In some embodiments, the interface unit 321 is a queue-based FIFO module. That is, the commands received from the command queue 322 follow the FIFO rule. In some embodiments, the command queue 322 also outputs an arithmetic queue 323 to RVV lanes 326 and a memory queue 324 to the RVV register 325, which is the same as that in the related art, and therefore is not described in detail herein.
In some embodiments, the RVV register 325 is shared by the RVV core 320 and the accelerator 330, that is, the RVV register 325 is also accessible by the accelerator 330 and is further configured to store data for the accelerator 330. More specifically, the accelerator 330 further includes an accelerator load store unit 332 includes circuitry configured to perform read and write operations 342 on the RVV register 325. In some embodiments, the read/write operation 342 can be completed very quickly, for example, within 10 cycles in-and-out according to the clock frequency. Since the RVV register 325 is shared by the RVV core 320 and the accelerator 330, communication between the RVV core 320 and the accelerator 330 has a lower delay and higher performance, and the constructed system on chip has higher efficiency with a same area.
In the solutions of the embodiments of the present disclosure, the accelerator 330 is directly connected to the RVV core 320 through the interface unit 321, and the interface unit 321 enables the command queue 322 of the RVV core 320 to be pushed to the accelerator decoder 331 of the accelerator 330 compatible with the ISA of the accelerator 330. Therefore, the ISA of the accelerator 330 does not need to be compatible with the RISC-V, and the command queue 322 can be reconstructed in the interface unit 321 to generate an accelerator command 341 and pushed to the accelerator decoder 331 of the accelerator 330. In another aspect, the RVV register 325 is shared by the RVV core 320 and the accelerator 330, communication between the RVV core 320 and the accelerator 330 has a lower delay and higher performance, and the constructed system on chip has higher efficiency with a same area.

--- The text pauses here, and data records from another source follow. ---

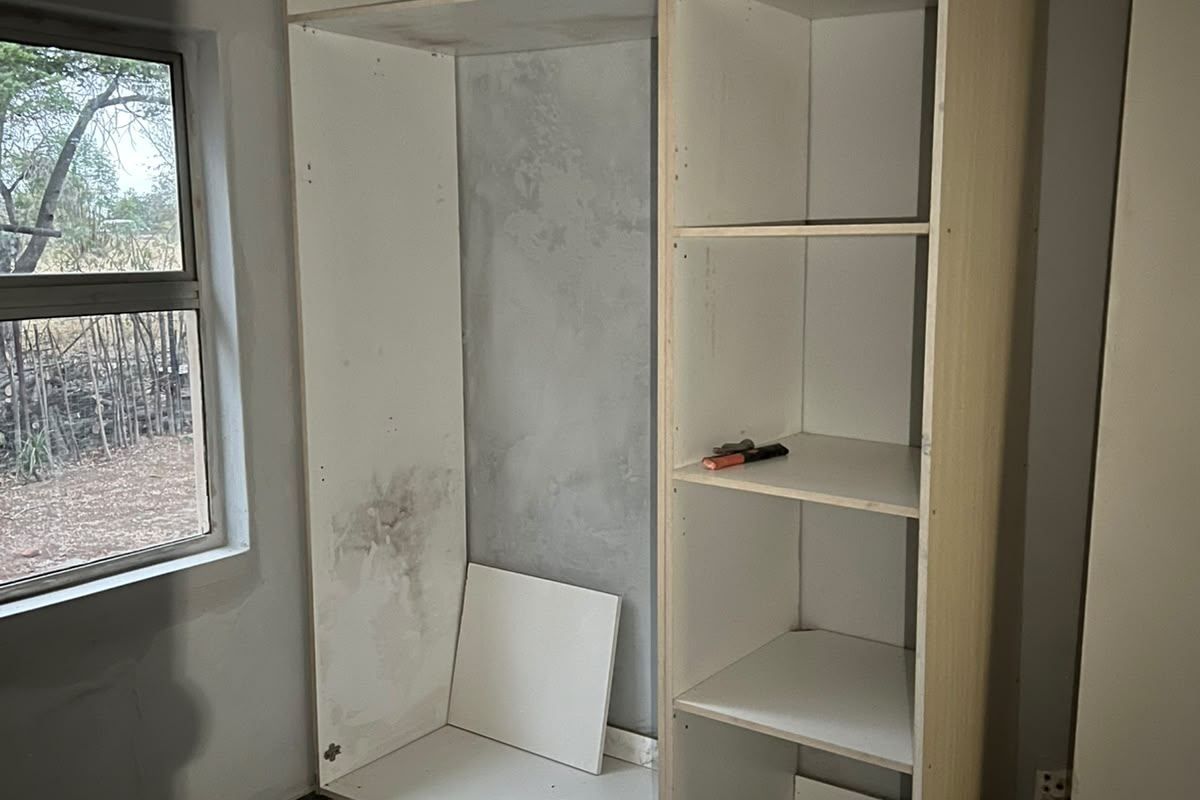 A bedroom space featuring an unfinished built-in shelving unit, tiled flooring, and a window, currently undergoing renovation or repair.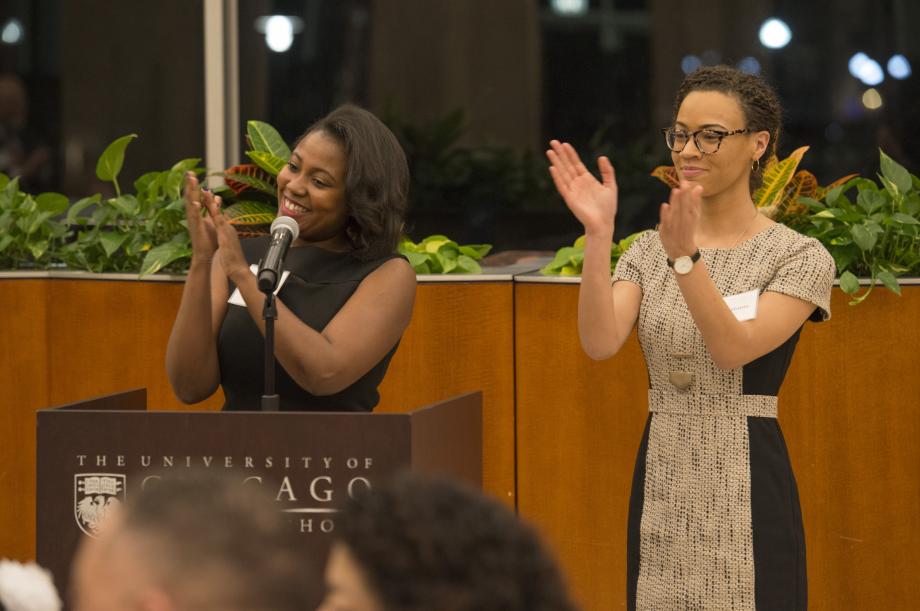 Kimberly Waters, '19, and Laurel Hattix, '19, both members of the BLSA planning committee, give closing remarks and congratulate Judge Williams. 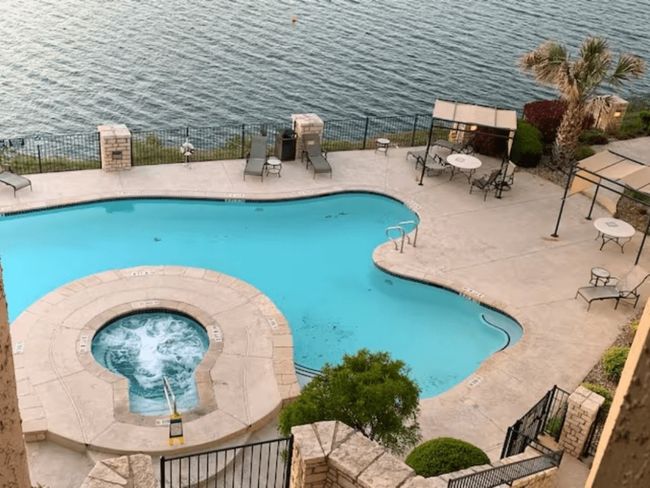 Community pool with a hot tub and a patio | Image 36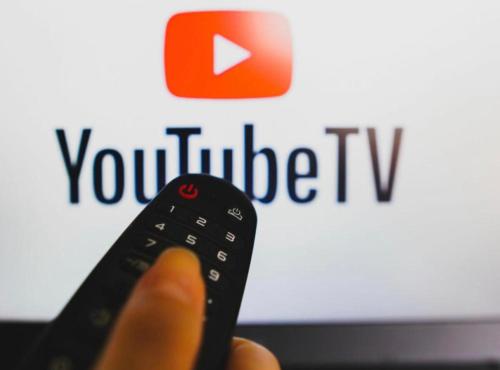 a person holding a remote control in front of a youtube tv at Down-Town 1 Bedroom Flat in Brussels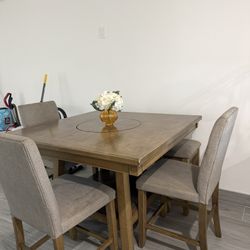 Brown Dining table from living spaces 
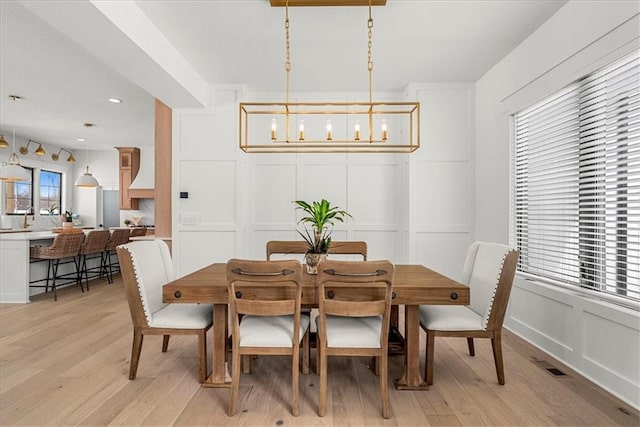 dining area with a decorative wall, recessed lighting, light wood-style flooring, and visible vents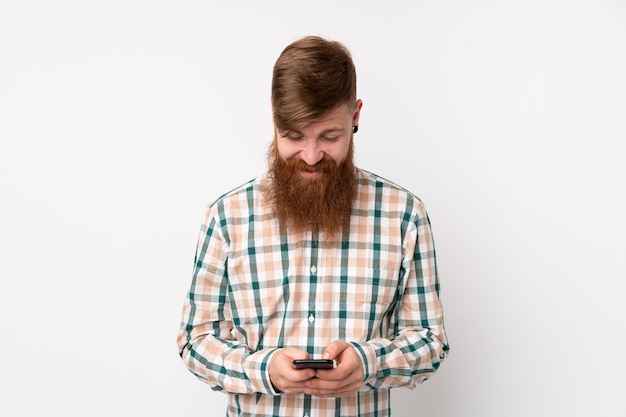 Redhead man with long beard over isolated white wall sending a message with the mobile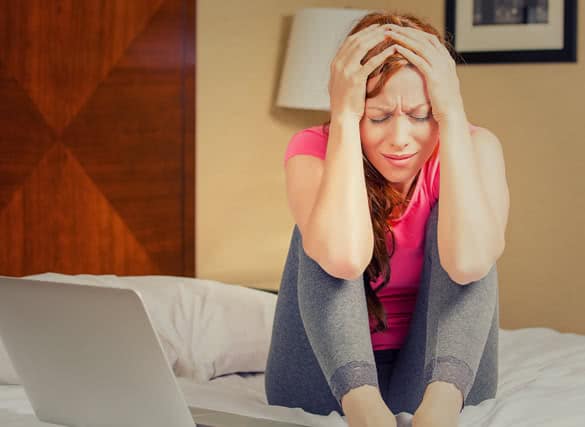 portrait stressed sad young woman sitting on bed looking desperate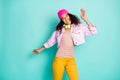 Photo of cheerful positive style casual cute nice pretty carefree girl wearing pants trousers yellow headphones striped Royalty Free Stock Photo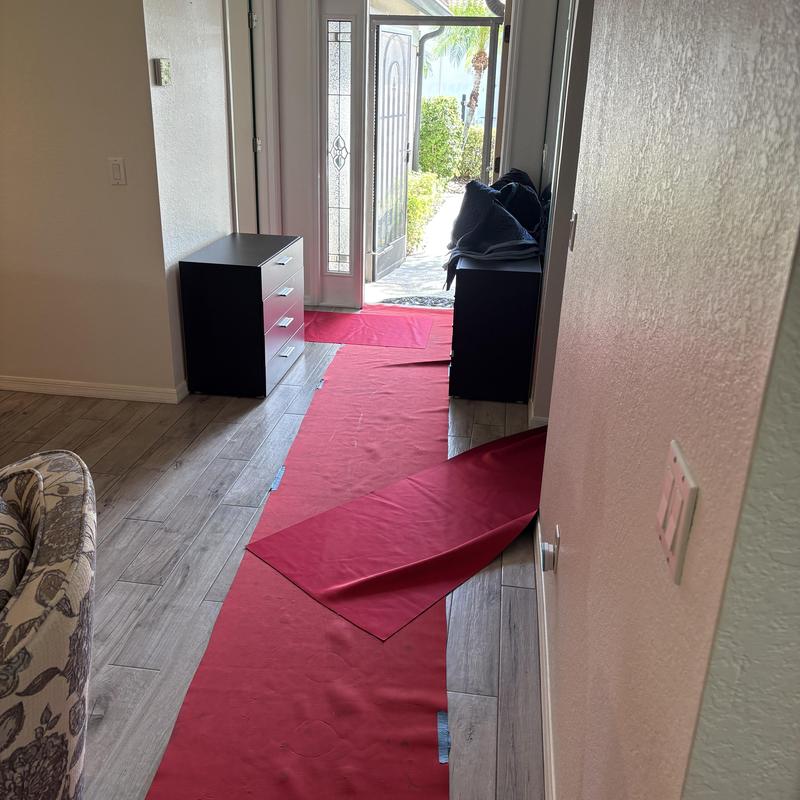 Furniture protection blankets and floor runners laid out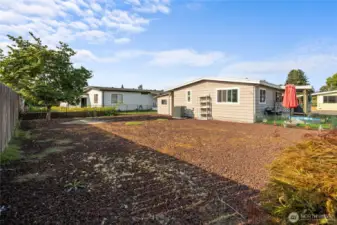 Back yard is large and ready for your garden beds, extra storage shed or expand the one your have!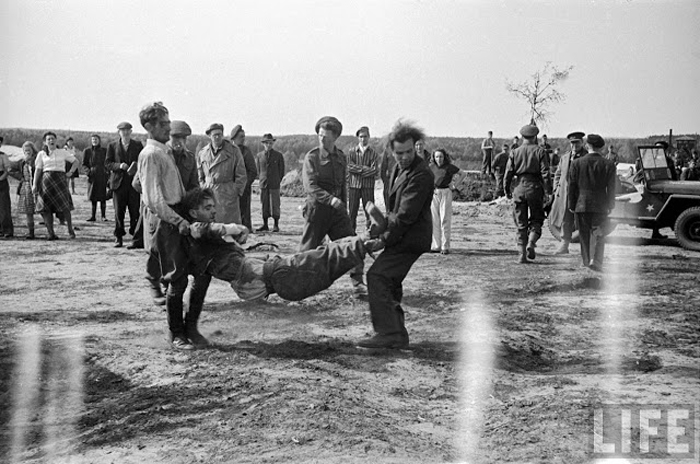Солдаты СС несут другого солдата, потерявшего сознание от обилия трупов, которых ему пришлось переносить в общую могилу.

In some embodiments, the accelerator 330 is a custom accelerator. When a RISC-V processor, for example, processor 300, functions as a controller, the RISC-V processor needs to be equipped with a powerful custom accelerator. The custom accelerator 330 has performance exceeding that of the RVV. Therefore, with the above configuration, a delay of communication between the RVV core 320 and the accelerator 330 can be reduced, and higher performance is obtained.
In some embodiments, the read/write operation 342 is performed based on a number of bits (VLEN bits, i.e., a maximum length of a vector register) in a single vector register. In some embodiments, the speed of the read/write operation 342 can be further increased, and accuracy of the read/write operation 342 can be ensured.
In some embodiments, one or more accelerators can be communicated with the RVV core 320, which will be described below with reference to
The interface unit 321 further includes an interface 3215 configured to communicate with the one or more accelerators. Specifically, the one or more channels 3212 are configured to provide one or more communication channels to respectively exchange data with respective connected accelerators through the interface 3215 based on clocks CLK1, CLK2, CLK3, . . . , CLKn provided by the RVV front end 3211. In some embodiments, the interface 3215 is a standard FIFO interface.
In some embodiments, the custom instructions for the accelerators are added. Therefore, the accelerator 330 and the RVV core 320 can use the RISC-V software toolchain simply. Designers tend to integrate a custom instruction set into a standard RVV as an accelerator. In a conventional method, all instructions (regardless of control instructions or computing instructions) of the accelerator are customized into the RVV. In some embodiments, the custom instructions can be stored in a memory 301 communicatively coupled to the scalar core 310, and the scalar core 310 can fetch the custom instructions from the memory 301. When the custom instructions are executed, accelerator commands 341 are generated and pushed to the accelerator 330.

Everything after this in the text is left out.